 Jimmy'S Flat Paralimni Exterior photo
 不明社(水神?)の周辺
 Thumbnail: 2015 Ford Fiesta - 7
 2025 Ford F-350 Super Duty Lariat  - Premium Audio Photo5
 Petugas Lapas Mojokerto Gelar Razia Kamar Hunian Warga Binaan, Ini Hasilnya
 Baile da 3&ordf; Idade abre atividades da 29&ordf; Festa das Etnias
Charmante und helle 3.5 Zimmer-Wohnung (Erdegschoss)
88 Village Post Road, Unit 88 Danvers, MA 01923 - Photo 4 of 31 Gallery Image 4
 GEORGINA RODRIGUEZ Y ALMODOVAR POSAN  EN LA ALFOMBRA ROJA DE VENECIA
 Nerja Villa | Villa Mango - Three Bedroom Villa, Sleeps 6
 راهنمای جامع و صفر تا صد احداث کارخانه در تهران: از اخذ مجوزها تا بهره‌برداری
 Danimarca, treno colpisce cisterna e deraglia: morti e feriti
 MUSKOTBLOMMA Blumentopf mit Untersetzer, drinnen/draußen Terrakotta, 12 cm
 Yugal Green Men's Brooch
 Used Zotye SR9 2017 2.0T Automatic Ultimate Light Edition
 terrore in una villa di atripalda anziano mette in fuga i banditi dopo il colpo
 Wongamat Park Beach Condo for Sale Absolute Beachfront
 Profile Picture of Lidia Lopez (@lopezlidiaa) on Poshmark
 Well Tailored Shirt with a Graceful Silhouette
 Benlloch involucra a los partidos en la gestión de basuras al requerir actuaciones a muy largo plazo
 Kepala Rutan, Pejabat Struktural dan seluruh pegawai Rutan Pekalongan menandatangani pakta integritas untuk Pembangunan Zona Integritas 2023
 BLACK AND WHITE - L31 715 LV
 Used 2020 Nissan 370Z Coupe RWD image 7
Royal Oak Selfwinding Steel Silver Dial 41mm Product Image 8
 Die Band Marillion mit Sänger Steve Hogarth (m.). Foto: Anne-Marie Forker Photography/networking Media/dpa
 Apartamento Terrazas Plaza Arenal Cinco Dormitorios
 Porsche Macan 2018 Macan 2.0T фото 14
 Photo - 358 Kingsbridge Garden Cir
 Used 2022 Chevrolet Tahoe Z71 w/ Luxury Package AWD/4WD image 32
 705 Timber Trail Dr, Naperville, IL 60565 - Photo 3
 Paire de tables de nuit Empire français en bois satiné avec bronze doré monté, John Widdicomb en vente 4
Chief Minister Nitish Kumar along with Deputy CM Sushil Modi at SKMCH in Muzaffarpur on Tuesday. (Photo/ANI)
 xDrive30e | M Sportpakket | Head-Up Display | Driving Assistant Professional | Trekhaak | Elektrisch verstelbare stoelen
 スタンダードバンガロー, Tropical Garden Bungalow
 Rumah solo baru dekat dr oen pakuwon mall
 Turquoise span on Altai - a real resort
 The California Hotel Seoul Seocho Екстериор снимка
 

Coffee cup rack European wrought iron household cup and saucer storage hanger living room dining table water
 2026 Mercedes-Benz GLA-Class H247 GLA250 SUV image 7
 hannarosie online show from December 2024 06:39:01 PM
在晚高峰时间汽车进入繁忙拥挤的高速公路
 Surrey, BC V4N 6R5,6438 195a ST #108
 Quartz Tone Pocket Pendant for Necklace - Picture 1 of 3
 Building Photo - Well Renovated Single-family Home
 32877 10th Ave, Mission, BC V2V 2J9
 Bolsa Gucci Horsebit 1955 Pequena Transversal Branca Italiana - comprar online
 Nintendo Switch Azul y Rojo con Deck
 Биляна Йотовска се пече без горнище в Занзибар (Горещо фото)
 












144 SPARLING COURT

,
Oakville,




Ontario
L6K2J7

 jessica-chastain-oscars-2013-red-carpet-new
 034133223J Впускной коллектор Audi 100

########

### [Task description]
Each line of the listing above that contains the word "with" is to be copied.

### [Response to this exercise]
 Well Tailored Shirt with a Graceful Silhouette
Chief Minister Nitish Kumar along with Deputy CM Sushil Modi at SKMCH in Muzaffarpur on Tuesday. (Photo/ANI)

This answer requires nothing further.